Non-binding is not the same as inconsequential. The Trump administration’s National Policy Framework for Artificial Intelligence, released March 20, 2026, is a set of recommendations to Congress, it mandates nothing today. But it names a direction, identifies priorities, and proposes a legislative architecture that would reshape the compliance landscape if Congress moves on it.
The framework organizes its recommendations around seven pillars: child protection, AI infrastructure and small business support, intellectual property, censorship and free speech, enabling innovation, workforce preparation, and preemption of state AI laws. That last pillar is the one compliance teams need to track most closely.
The preemption language is specific. According to Morrison Foerster’s analysis, the framework calls on Congress to preempt state AI laws that “impose undue burdens,” while carving out state authority in areas including traditional police powers, child protection, and fraud prevention.

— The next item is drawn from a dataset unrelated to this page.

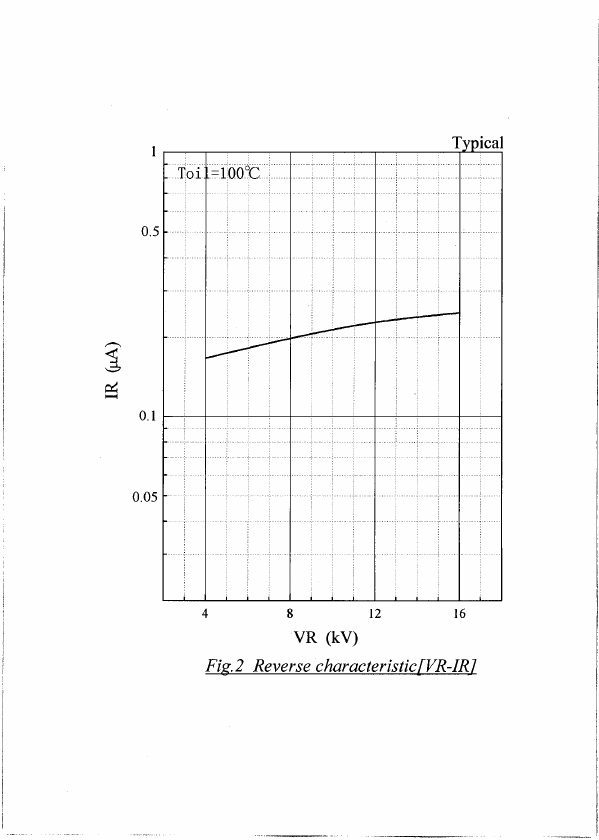 ESJA53-16A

What qualifies as an “undue burden” is undefined in the framework, that definition would be shaped by whatever legislation Congress ultimately produces, if any.
Timing is the complicating factor. One week after the White House released this framework, New York finalized the RAISE Act chapter amendment, a state AI law with a January 1, 2027 compliance deadline. The two documents point in opposite directions: one states pushing forward with enforceable frontier AI obligations, the other federal administration calling on Congress to clear those state obligations away. Compliance teams now face a landscape where building toward RAISE Act compliance and tracking a federal preemption push are happening simultaneously.
The framework builds on a December 2025 Executive Order that directed the administration to develop legislative recommendations and established an AI Litigation Task Force. That order is confirmed background context; the March 20 framework is the output. The intellectual property pillar has drawn separate analysis, the framework has been interpreted by analysts as endorsing the position that AI training on copyrighted material doesn’t infringe copyright law, though it defers resolution to the courts. For in-depth coverage of the federal AI copyright picture, see the hub’s prior reporting on competing White House and Senate copyright approaches and the three federal copyright framework analysis.
What to watch: Congressional action is the only mechanism that converts this framework into binding law. Track committee assignments, companion legislation, and whether any preemption language attaches to broader AI or technology bills. The “undue burdens” carve-out language is where the lobbying fight will concentrate, state legislators, civil liberties groups, and consumer protection advocates will contest any definition that sweeps too broadly. The DFS rulemaking timeline for the RAISE Act also becomes a preemption pressure point: the more New York’s rules are developed and in place, the harder a blanket preemption becomes to justify politically.
The framework’s significance is as a signal, not a statute. The administration has put federal preemption on the agenda. Whether Congress delivers is a different, longer question.